The eight Araucarias were brought from Chile and planted by Luis Cordero at the turn of the century.
We found a little apartment on the top floor of an old colonial building owned by a dentist, his office is downstairs, he is 85 years old and still fits dentures for the indigenous. It came with a roof top terrace where we ate our breakfast or just went to read or watch the comings and goings down below. Outside the entry, on Plaza de San Francisco, is a daily market, the women in their beautiful outfits sell alpaca shawls and other nice and not so nice items. They are mostly from Otovalo, you can tell by their clothes.
We are intrigued by the changing outfits as we move south, skirts, adornments and hats might look the same to us, but the native people here can tell by the clothing which village they are from. Just like we can back home in Austria. So to us, it is fascinating.

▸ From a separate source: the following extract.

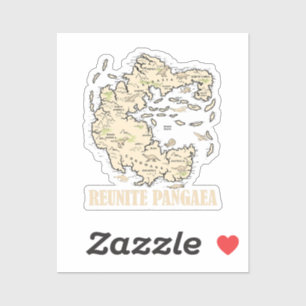 Reunite Pangaea World map History Funny Geology Gi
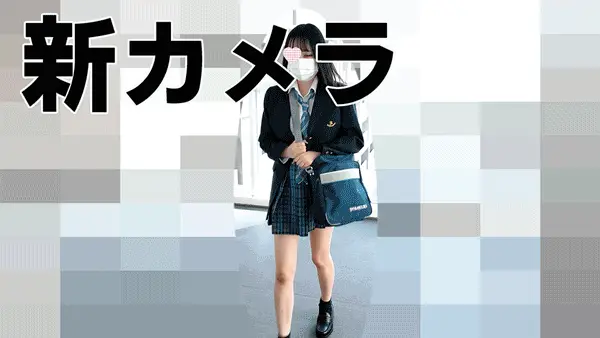 プレビュー画像:フルサイズカメラ導入!美脚JKエレベーター盗撮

At night they store their wares in the building, so it was always interesting when we came home in the evening, we had to pass by their stored items – checking out the table cloths (loved them) and bags stored on the shelves.

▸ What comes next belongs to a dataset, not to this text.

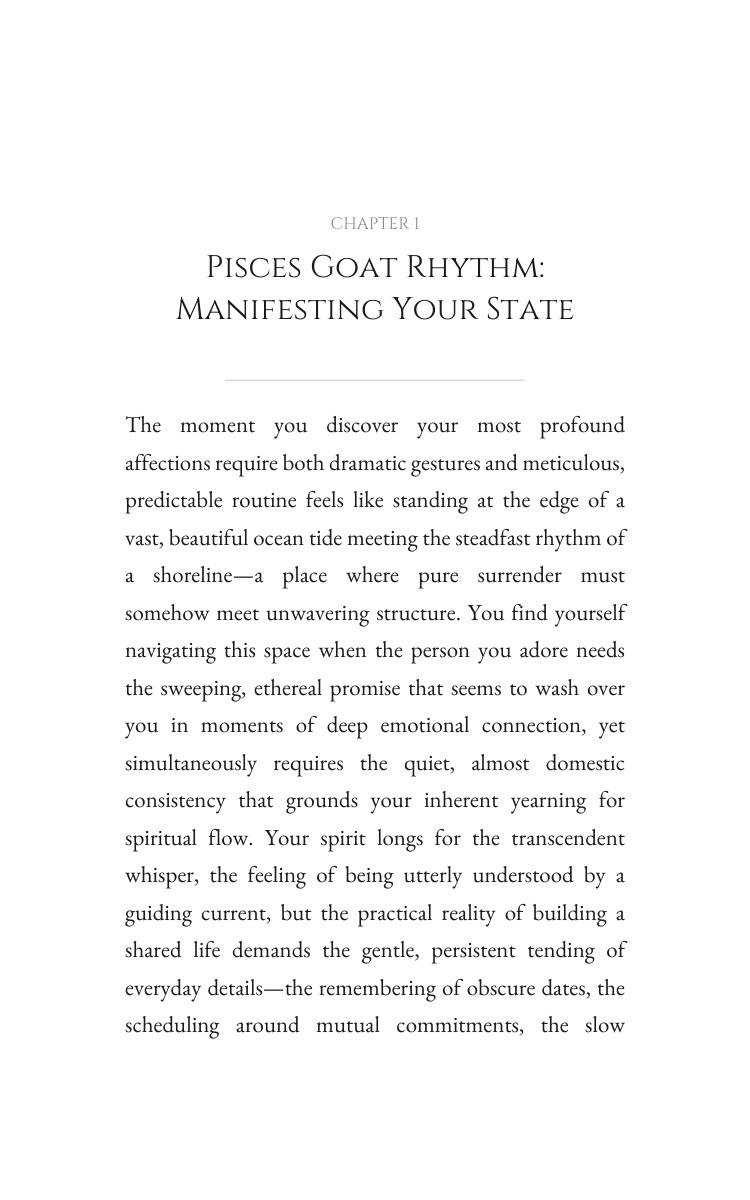 Pisces Goat Love Relationships Manual: Your Rise Elevated interior preview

We had to vacate the apartment after a week, Dano, the owner came through with another apartment, down by the river. We liked that one too.
There is always something going on in a City, cultural happenings, fiestas, street musicians. It took us days to visit the churches and museums on foot. Then we got our bicycles out and started to explore more, it has been fun. The two rivers make all the difference, they are mostly green belt with walking and bicycle trails. Thanks to a state of the art sewage treatment plant the rivers are clean and we saw fishermen fly fishing within city limits and catching nice sized trout.
At the edge of town are some hot springs where we went to soak and do the steam/mud/shower/steam/soak/nap/tea routine, spent most of the day there and LOVED it.
The daily market is huge, and we can find all the food you need just steps away from our little home away from our “home away from home” called camper.
Having an oven has been nice too, makes baking bread a lot easier than doing it with the Cobb grill. Apricots and blueberries are everywhere at the market right now so I made an apricot/blueberry cake today. A little taste from home, Ecuadorian food is not really what we are used to, but we try. Günter even ate a roasted “cuy” (Guinea Pig), I passed.
I am not going to write a Cuenca guide book, but will let the pictures speak for themselves.
We spent Dia de los Muertos and Independence day on November 3rd in Cuenca and enjoyed the festivities.
We would just follow the music and hang out!
Adios Cuenca, ist’s been good to get to know you!